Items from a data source

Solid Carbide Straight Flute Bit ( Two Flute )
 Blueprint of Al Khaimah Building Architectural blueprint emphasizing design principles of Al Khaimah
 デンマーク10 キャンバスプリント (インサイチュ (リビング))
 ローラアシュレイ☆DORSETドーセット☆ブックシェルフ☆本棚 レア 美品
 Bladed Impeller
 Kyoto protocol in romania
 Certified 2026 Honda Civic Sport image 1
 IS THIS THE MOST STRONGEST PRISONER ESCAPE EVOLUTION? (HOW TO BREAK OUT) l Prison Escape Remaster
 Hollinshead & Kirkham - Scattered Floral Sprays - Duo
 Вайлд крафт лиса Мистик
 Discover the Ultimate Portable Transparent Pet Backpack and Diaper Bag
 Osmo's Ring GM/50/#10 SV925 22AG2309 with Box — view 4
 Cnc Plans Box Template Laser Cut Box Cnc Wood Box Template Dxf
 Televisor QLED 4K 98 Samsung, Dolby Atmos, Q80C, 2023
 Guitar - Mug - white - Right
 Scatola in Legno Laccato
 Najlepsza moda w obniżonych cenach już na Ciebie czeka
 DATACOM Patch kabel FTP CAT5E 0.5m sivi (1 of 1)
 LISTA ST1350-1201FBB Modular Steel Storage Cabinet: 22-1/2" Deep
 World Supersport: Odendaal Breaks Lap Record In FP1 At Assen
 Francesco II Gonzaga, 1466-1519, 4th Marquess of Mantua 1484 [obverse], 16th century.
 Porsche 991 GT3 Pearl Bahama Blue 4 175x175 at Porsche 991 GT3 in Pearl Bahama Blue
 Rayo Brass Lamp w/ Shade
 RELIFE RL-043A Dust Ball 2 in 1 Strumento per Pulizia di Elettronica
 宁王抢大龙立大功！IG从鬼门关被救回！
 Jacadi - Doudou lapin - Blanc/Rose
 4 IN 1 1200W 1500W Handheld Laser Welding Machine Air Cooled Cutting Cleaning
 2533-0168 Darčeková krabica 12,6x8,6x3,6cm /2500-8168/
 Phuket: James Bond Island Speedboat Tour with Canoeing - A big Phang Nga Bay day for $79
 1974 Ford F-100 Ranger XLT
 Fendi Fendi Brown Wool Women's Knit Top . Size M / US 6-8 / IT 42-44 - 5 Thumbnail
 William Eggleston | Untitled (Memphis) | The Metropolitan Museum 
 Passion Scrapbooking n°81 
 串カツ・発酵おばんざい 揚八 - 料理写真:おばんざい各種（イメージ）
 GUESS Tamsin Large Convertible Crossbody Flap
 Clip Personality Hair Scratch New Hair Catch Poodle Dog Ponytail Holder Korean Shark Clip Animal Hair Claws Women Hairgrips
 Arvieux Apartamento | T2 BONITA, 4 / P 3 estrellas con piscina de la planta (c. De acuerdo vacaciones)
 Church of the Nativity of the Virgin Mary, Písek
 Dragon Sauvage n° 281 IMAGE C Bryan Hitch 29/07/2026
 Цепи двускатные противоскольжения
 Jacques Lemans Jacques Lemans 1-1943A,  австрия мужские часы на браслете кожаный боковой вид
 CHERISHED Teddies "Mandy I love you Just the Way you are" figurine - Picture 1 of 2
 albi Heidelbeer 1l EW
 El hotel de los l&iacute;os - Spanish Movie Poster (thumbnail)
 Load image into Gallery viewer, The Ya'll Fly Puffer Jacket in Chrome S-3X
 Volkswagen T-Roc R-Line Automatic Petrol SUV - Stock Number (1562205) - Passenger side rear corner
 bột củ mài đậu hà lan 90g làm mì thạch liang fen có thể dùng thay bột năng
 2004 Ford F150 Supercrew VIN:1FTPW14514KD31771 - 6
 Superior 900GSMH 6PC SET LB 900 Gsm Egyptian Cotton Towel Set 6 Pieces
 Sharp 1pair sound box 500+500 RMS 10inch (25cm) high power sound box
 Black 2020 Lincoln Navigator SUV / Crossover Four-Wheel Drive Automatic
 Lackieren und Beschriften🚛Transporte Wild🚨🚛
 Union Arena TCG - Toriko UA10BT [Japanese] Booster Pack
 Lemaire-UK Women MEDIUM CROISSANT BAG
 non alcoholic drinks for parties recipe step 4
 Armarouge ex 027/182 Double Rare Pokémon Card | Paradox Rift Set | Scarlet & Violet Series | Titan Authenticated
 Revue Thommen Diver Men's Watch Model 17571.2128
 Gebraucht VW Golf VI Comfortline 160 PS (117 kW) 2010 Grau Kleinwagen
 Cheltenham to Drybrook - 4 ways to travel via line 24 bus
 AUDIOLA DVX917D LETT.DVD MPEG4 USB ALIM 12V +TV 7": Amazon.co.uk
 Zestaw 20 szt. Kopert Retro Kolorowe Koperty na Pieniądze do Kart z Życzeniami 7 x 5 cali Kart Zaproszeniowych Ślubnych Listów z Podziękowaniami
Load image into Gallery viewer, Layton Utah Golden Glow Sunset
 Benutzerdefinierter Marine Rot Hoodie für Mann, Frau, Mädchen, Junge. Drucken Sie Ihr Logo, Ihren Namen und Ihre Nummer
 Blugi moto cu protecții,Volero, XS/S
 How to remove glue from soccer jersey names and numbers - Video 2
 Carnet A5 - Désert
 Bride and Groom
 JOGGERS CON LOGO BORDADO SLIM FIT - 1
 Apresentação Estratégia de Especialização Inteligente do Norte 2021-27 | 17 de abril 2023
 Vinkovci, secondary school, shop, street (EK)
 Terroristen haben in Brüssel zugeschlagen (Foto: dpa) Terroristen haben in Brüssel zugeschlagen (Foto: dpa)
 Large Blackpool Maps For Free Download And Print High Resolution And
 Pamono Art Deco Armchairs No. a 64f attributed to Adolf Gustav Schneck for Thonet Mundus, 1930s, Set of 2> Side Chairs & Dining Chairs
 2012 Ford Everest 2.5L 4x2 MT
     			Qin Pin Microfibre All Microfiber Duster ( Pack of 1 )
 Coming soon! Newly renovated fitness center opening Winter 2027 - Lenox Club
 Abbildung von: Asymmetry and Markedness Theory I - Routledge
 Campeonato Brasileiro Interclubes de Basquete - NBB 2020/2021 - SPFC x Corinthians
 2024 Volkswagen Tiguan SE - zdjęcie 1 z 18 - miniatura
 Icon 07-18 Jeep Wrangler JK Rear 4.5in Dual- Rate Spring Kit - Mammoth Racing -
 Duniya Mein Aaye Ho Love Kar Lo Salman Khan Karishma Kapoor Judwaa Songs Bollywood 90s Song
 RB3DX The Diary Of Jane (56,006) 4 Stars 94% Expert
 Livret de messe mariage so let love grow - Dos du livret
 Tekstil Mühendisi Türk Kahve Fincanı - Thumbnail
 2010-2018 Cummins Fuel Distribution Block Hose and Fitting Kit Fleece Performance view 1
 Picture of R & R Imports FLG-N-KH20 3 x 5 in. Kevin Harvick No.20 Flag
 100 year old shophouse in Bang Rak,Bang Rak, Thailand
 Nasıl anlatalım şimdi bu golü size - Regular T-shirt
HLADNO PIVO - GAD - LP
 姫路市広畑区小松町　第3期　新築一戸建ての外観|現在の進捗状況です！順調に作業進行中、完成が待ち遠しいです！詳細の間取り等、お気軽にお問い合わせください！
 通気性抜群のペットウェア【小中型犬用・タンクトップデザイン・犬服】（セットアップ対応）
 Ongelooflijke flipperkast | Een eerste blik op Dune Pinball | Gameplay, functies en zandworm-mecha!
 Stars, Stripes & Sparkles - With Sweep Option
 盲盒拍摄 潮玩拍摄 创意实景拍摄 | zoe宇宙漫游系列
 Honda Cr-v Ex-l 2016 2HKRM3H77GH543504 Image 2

▶ Task details
Return exactly the lines above from the line that has "2010-2018 Cummins Fuel" through the line that has "HLADNO PIVO - GAD - LP", inclusive, and nothing else.

▶ Written response
 2010-2018 Cummins Fuel Distribution Block Hose and Fitting Kit Fleece Performance view 1
 Picture of R & R Imports FLG-N-KH20 3 x 5 in. Kevin Harvick No.20 Flag
 100 year old shophouse in Bang Rak,Bang Rak, Thailand
 Nasıl anlatalım şimdi bu golü size - Regular T-shirt
HLADNO PIVO - GAD - LP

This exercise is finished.